I've been doing some thinking and I realized that if I ended up getting a *different* job, with better match, I would actually be shooting myself in the foot by pre-loading. My company has a pretty shitty match of 0.5% on the first 6% (yeah). I suppose I could try to calculate it so that I contribute 6% for all the rest of the pay periods of the year and front load the rest. However, if I found a better opportunity with a better match I wouldn't be able to take advantage of it in the current calendar year. Food for thought. Maybe I should do the reverse (only contribute 6% until the end of the year and then dump the remaining up the limit). The total match dollars we are talking about though are small, so maybe it isn't worth worrying about.

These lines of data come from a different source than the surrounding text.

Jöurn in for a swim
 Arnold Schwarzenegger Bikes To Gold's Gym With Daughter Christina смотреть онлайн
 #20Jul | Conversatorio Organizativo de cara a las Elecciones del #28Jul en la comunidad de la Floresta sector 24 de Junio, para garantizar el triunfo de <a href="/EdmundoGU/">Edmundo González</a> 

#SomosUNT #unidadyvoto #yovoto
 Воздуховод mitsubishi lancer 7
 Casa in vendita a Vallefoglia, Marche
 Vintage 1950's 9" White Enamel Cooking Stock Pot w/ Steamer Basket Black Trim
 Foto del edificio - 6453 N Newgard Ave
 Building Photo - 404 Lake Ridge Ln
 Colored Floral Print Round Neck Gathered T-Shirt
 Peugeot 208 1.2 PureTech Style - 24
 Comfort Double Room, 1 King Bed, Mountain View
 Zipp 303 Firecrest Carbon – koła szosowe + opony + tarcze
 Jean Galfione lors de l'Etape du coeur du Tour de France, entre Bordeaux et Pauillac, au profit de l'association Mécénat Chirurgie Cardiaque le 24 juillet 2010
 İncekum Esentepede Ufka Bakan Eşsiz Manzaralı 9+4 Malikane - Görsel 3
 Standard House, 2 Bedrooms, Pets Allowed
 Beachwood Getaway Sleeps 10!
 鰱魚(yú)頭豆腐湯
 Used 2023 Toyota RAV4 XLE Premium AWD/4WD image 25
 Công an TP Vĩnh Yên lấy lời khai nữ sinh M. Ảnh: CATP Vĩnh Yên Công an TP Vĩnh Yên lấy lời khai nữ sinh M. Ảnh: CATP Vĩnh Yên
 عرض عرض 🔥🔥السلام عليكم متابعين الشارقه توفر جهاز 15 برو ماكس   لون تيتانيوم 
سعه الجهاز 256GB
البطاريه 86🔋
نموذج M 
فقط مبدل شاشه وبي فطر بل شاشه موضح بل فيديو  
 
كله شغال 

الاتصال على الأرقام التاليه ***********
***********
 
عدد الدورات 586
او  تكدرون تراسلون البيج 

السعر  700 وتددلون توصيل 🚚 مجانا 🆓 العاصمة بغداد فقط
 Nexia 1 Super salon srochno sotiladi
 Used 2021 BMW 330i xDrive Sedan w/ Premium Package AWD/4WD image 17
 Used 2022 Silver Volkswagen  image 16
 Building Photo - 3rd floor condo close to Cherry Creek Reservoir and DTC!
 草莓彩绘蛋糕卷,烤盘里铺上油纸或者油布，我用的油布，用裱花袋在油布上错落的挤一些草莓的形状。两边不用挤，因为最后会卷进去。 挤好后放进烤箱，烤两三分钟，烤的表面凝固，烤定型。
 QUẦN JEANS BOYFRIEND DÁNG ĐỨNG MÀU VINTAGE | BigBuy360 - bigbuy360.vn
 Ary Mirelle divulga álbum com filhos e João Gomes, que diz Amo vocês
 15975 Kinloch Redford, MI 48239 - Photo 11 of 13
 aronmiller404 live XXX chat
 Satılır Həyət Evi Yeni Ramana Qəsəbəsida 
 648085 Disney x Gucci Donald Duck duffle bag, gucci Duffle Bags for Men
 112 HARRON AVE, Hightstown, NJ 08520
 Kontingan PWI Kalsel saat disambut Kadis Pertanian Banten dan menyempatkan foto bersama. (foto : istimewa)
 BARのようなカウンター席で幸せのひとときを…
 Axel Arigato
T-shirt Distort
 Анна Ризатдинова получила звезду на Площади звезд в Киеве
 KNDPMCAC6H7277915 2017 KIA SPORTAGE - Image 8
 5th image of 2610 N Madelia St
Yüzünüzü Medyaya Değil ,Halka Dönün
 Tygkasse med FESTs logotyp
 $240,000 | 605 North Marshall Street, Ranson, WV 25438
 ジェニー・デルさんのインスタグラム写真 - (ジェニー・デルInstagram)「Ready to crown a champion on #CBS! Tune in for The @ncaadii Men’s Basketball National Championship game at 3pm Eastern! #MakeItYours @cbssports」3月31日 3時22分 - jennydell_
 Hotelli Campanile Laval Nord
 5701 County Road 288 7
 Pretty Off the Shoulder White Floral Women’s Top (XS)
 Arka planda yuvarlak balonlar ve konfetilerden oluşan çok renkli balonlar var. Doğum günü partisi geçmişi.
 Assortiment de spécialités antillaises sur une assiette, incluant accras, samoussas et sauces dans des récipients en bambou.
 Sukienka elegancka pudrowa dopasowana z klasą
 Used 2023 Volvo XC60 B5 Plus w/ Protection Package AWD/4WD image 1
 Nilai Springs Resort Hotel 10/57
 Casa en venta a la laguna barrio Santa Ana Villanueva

The position I am considering is not with a traditional company, and I know exactly what I would be giving up. I'm hoping I might be able to make it work such that I work part time (enough to keep benefits) at my current location, and fill in the rest with the other position. (I am not even to the interview stage yet, so this is all pie in the sky, but worth thinking about anyway. I am not sure my currently job would let me do that anyway.) If this sounds crazy, I am trying to position myself better for anything that comes open with the other position, which would be a much better fit for me. (If you are curious about what the big deal is with my job woes, check my journal (link at the bottom) or my case study (https://forum.mrmoneymustache.com/case-studies/case-study-quit-my-dumpster-fire-of-a-job-and-still-retire-early/). I am in a much better position than I ever though before I found this website, but I'm not FI yet. Currently my stress level is a little better at the current position, but it fluctuates from week to week, and some weeks I want to just walk out the door. So I am looking at every opportunity that I come across.)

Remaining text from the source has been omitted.